The human body is pretty complex, so lets start with something simpler, an inflated and tied off balloon.
Lets say we put our balloon in a pressure chamber. As we crank up the pressure the balloon will deflate such that the pressure inside the balloon remains slightly above the pressure outside it. The balloon will not be damaged.
Now lets say we put our balloon in a vacuum chamber. This time the balloon will expand to maintain the pressure inside slightly above the pressure outside. Eventually it will expand to the point of bursting.
Now lets say we fill the balloon with water instead of air. In this case it will survive in both the pressure chamber and the vaccum chamber, chamber
Now lets say instead of one balloon we have two, one inside a pressure chamber one outside it and the balloon are connected by a pipe running through the chamber wall. As we increase the pressure in the chamber the balloon inside the chamber will shrink and the out outside will expand and explode. This will apply regardless of whether the balloon are full of air, water or some mixture of both.

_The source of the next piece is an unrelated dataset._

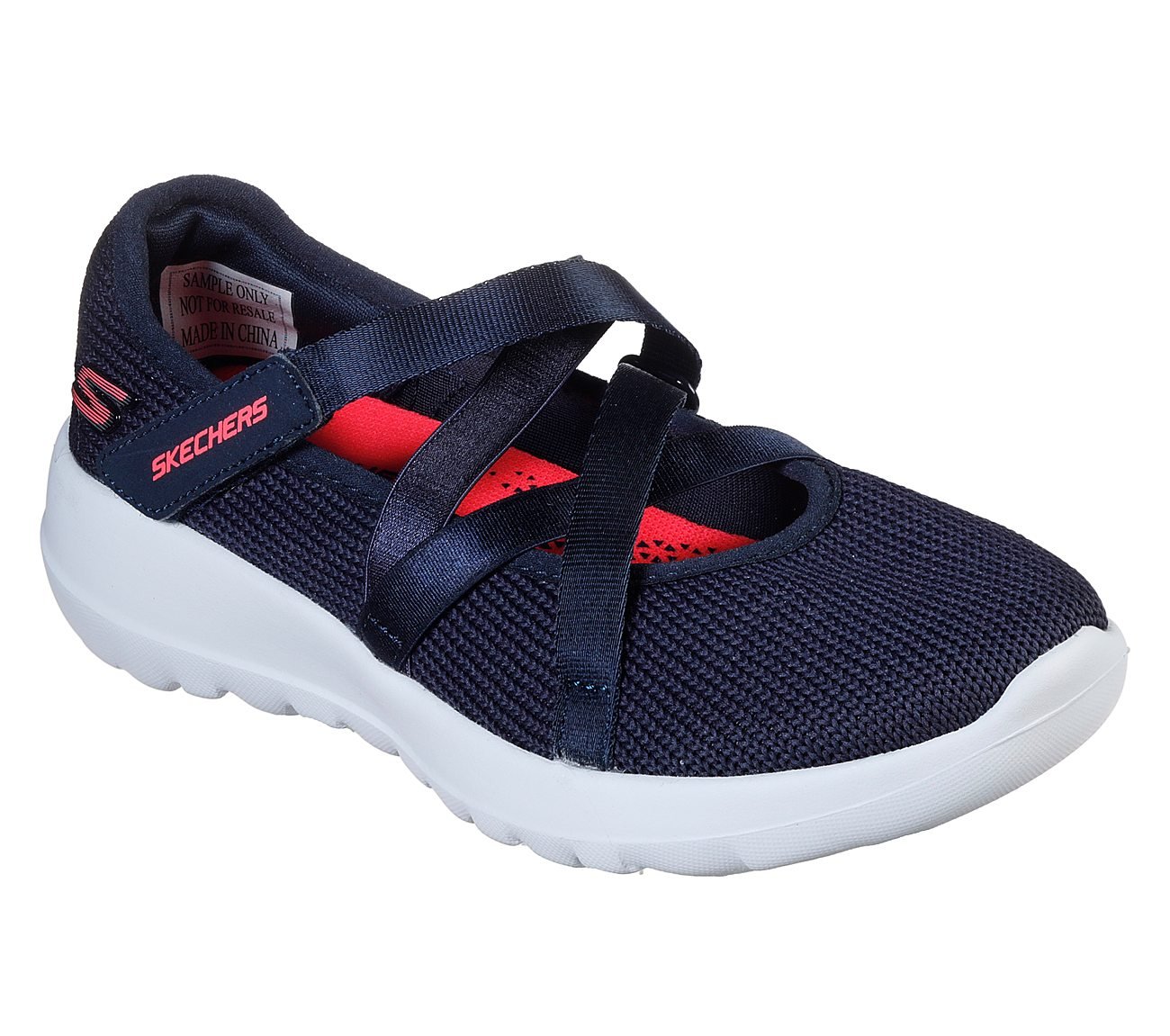 GO WALK JOY-BALLET STRIDES, NNNAVY Footwear Lateral View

We can think of our body as being like a series of balloons, most of them are full of water but some of them (the lungs) are full of air and can be opened to the air.

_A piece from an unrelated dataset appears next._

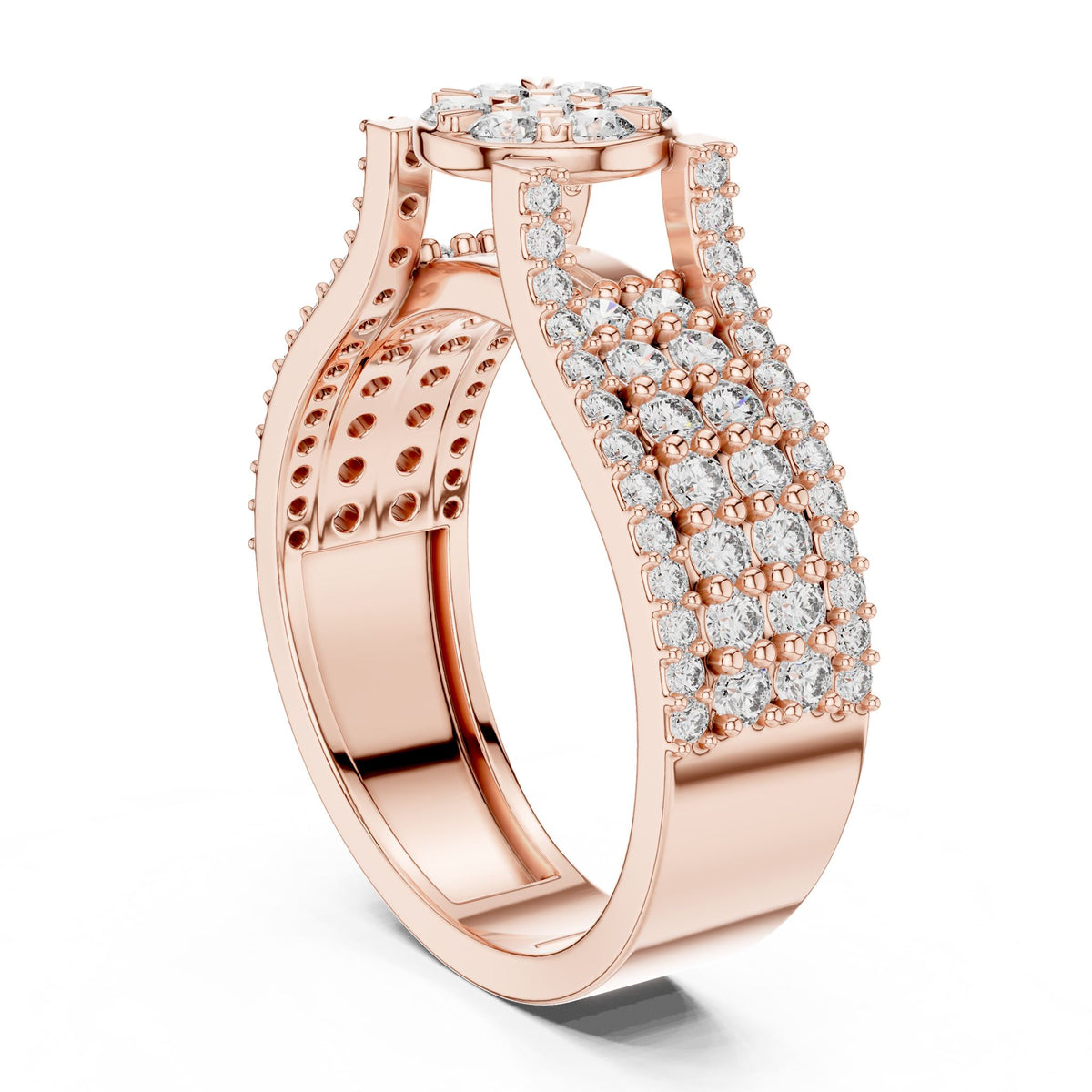 Round Halo Lab Grown Diamond Engagement Ring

IF someone dives without breathing apparatus then the lungs will compress but this doesn't damage them. If someone dives with breathing apparatus then the breathing apparatus will keep the pressure in their lungs at roughly the same pressure as the water pressure while allowing the lungs to retain their normal size. If someone descends using breathing apparatus and tries to hold their breath on the ascent then damage is likely.
In the mythbusters experiment the fluids in the body are pushed from the body of the suit to the helmet, bursting anything that tries to stand in their way.